**Source data**
▼

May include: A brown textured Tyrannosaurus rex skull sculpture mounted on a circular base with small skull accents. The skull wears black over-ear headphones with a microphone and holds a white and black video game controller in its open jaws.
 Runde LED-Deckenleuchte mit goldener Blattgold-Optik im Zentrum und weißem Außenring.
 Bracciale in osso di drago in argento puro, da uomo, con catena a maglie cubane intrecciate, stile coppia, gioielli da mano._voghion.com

▲

**Exercise details**
Only the lines from the opening of the material through the line with "Runde LED-Deckenleuchte mit" should be echoed, exactly as written.

**Task result**
May include: A brown textured Tyrannosaurus rex skull sculpture mounted on a circular base with small skull accents. The skull wears black over-ear headphones with a microphone and holds a white and black video game controller in its open jaws.
 Runde LED-Deckenleuchte mit goldener Blattgold-Optik im Zentrum und weißem Außenring.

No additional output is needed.